Hilfsmittelhersteller

Neuer Geschäftsführer bei Ofa APOTHEKE ADHOC, 14.01.2019 17:06 Uhr

Neue Aufgabe: Rainer Kliewe ist seit Januar für das Geschäft von Ofa/Belsana verantwortlich. Foto: Kliewe
Berlin - 

Nach 31 Jahren hat Dr. Hartwig Frinke die Führung des Kompressionsstrumpfherstellers Ofa Bamberg abgegeben. Das Bamberger Unternehmen wird seit Januar von Rainer Kliewe geleitet. Der Sportökonom war zuvor bei Belsana tätig.

Kliewe kennt sich im Hilfsmittelbereich aus. Zuvor war er knapp 28 Jahre bei Belsana tätig, zuletzt als Marketing- und Vertriebsleiter. Er studierte Sportökonomie in Bayreuth und absolvierte bei der R+V Versicherung ein Trainee, bevor er zum Strumpfhersteller wechselte. Die Zweigniederlassung der Ofa stellt Kompressionsstrümpfe apothekenexklusiv her. Das Mutterunternehmen vertreibt die Produkte hauptsächlich an Sanitätshäuser und Orthopädietechnik-Anbieter.

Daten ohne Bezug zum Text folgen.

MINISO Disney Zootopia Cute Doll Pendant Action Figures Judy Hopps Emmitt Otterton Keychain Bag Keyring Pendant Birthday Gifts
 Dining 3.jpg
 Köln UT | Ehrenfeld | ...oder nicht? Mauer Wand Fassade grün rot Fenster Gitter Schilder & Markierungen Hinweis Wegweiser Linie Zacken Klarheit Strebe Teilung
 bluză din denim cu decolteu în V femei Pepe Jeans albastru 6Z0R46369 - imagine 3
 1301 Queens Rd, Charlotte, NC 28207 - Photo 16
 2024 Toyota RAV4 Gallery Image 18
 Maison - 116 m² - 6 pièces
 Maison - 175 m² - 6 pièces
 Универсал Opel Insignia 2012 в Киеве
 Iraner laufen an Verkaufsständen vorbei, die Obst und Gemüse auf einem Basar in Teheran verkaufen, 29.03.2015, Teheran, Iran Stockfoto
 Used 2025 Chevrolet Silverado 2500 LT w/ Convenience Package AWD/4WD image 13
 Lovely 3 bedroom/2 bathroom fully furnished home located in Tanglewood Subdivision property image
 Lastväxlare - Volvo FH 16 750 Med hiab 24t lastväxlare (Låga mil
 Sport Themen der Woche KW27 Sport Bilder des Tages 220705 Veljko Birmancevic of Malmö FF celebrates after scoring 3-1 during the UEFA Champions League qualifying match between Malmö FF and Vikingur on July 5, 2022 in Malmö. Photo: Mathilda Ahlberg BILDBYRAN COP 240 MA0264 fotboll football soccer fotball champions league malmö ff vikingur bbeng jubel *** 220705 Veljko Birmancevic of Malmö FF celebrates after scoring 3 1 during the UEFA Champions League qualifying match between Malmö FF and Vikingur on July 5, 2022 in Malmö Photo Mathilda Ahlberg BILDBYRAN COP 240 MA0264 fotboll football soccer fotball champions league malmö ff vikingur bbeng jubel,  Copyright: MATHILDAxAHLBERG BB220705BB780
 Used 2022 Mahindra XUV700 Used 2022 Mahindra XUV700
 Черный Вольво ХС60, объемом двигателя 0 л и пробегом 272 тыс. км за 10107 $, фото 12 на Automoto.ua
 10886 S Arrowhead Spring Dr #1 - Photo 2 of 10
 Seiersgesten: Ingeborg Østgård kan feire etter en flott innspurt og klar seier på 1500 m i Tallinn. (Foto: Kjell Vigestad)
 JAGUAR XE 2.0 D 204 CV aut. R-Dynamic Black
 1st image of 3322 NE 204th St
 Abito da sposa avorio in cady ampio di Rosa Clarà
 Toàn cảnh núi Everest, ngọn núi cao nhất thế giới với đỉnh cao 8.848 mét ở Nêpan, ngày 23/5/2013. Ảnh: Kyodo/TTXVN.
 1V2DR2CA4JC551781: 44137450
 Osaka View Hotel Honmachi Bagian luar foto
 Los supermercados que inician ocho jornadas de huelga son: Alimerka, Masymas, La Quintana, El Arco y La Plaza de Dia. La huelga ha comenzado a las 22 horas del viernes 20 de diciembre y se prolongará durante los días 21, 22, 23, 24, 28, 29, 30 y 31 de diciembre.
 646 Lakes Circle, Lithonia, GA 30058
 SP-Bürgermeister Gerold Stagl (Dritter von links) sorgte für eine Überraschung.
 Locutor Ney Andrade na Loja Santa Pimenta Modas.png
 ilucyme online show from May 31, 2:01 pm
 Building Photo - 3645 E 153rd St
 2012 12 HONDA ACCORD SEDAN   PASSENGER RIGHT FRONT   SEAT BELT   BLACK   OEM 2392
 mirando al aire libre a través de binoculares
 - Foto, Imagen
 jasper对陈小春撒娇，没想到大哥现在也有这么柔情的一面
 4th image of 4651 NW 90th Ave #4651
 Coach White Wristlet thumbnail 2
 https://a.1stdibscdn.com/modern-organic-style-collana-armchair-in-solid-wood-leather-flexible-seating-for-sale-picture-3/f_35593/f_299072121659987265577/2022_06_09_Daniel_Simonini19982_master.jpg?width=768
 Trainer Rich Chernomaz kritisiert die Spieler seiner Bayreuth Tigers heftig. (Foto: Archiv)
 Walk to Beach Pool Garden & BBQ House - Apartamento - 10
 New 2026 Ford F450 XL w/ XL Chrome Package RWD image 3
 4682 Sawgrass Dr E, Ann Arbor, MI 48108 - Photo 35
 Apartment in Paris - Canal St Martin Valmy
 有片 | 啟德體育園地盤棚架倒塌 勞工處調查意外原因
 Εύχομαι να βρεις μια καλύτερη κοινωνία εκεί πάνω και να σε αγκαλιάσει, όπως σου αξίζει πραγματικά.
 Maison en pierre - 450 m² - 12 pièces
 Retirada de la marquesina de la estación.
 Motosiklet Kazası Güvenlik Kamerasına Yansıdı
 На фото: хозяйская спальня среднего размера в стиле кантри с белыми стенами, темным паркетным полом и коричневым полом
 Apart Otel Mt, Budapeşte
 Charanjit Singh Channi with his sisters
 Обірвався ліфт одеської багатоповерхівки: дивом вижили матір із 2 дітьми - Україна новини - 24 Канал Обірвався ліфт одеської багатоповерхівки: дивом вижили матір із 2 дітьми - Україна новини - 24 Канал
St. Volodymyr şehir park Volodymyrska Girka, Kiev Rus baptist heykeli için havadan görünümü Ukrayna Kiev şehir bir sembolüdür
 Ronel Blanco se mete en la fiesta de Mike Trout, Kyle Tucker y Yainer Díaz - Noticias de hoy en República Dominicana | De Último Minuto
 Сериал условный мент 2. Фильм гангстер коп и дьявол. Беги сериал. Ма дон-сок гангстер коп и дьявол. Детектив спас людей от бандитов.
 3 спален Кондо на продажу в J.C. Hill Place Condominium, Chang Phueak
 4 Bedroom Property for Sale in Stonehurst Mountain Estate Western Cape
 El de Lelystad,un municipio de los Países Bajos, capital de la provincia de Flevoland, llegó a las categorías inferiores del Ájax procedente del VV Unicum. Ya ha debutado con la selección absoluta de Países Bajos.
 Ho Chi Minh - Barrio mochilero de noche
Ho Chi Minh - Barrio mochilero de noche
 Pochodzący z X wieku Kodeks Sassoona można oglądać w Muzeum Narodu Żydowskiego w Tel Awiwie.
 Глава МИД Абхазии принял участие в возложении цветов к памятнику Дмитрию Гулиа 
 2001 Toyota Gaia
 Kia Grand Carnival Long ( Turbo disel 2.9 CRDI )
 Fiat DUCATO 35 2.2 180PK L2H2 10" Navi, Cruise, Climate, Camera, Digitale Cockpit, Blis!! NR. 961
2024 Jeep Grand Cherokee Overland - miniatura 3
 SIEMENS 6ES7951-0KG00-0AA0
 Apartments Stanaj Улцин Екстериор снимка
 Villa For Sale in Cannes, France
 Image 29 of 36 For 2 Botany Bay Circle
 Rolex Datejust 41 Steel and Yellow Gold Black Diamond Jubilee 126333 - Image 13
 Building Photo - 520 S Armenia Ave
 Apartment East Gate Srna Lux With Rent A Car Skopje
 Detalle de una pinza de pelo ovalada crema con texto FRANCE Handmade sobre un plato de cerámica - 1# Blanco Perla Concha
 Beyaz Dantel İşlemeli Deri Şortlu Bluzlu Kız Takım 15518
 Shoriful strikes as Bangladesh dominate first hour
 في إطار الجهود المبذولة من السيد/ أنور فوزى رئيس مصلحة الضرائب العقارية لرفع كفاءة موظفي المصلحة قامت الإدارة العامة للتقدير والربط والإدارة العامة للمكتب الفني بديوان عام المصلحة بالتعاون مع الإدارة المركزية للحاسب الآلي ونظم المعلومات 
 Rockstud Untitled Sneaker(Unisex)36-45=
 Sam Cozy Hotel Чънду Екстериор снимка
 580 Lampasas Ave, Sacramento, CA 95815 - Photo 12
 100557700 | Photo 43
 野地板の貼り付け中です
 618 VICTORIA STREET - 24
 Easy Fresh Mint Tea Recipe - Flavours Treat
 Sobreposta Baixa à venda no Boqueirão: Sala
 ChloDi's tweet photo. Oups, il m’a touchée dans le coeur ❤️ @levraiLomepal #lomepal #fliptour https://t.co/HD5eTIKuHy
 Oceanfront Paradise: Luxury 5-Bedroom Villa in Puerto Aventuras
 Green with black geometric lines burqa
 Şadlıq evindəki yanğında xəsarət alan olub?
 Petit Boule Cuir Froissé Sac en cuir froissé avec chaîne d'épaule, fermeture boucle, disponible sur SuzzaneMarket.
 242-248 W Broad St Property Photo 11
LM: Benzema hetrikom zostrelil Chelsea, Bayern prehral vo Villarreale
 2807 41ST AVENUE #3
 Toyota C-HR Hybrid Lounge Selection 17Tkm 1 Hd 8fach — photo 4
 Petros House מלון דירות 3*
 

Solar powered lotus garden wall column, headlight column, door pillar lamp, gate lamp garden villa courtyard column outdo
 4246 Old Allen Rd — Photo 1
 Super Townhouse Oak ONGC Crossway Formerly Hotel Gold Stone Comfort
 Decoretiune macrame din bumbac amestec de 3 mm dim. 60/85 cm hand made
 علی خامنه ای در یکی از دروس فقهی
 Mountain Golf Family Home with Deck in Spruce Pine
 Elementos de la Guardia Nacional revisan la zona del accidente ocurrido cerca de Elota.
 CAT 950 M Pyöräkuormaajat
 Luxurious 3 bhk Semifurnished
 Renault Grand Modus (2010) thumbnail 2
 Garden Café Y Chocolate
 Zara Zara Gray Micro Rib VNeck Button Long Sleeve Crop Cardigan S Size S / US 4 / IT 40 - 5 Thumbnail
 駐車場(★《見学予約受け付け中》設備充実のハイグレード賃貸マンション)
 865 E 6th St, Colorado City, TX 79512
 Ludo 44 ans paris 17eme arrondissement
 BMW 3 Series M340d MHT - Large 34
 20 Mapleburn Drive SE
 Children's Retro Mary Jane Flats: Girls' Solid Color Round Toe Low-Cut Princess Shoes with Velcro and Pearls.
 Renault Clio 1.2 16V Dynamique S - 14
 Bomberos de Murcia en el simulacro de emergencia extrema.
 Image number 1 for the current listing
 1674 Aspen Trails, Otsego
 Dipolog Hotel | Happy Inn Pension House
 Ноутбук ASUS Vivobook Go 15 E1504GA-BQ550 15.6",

Bei Belsana wird in der Geschäftsleitung das Marketing künftig von Karin Götz verantwortet. Sie ist bereits seit 30 Jahren bei dem Bamberger Hersteller tätig. Die Vertriebsleitung übernahm Simone Schapdick. Sie hatte zuvor die Regionalverkaufsleitung der Region Nord inne und verantwortete fünf Außendienstmitarbeiter. Insgesamt besuchen 24 Belsana-Mitarbeiter Apotheken. Den Bereich Key Account übergibt Kliewe an Angela Mangold-Trümper.

Ofa wurde 1928 von Otto Fankhänel im thüringischen Zeulenroda-Triebes gegründet. Nach dem Krieg zieht die Firma nach Bamberg. 1987 verkaufte der Sohn des Gründers, Karl Fankhänel, den Familienbetrieb an Kendall Healthcare. 1991 wurde Belsana als Tochterfirma in Stettfeld gegründet. Seit 2000 gehören Belsana und Ofa zum nordrhein-westfälischen Beteiligungsunternehmen Indus.

Die fränkische Firma stellt medizinische Kompressionsstrümpfe, Bandagen und Orthesen nach Maß, Stütz- und Reisestrümpfe sowie spezielle Strümpfe für Sportler und Diabetiker her. Weitere Standorte liegen in Maastricht (Nea International) und Glauchau in Sachsen (Esda). Zudem gibt es seit 1994 eine Niederlassung im österreichischen Salzburg. Das Unternehmen erwirtschaftet mit rund 600 Mitarbeitern einen Jahresumsatz von rund 80 Millionen Euro. Die Produkte werden in rund 40 Länder exportiert.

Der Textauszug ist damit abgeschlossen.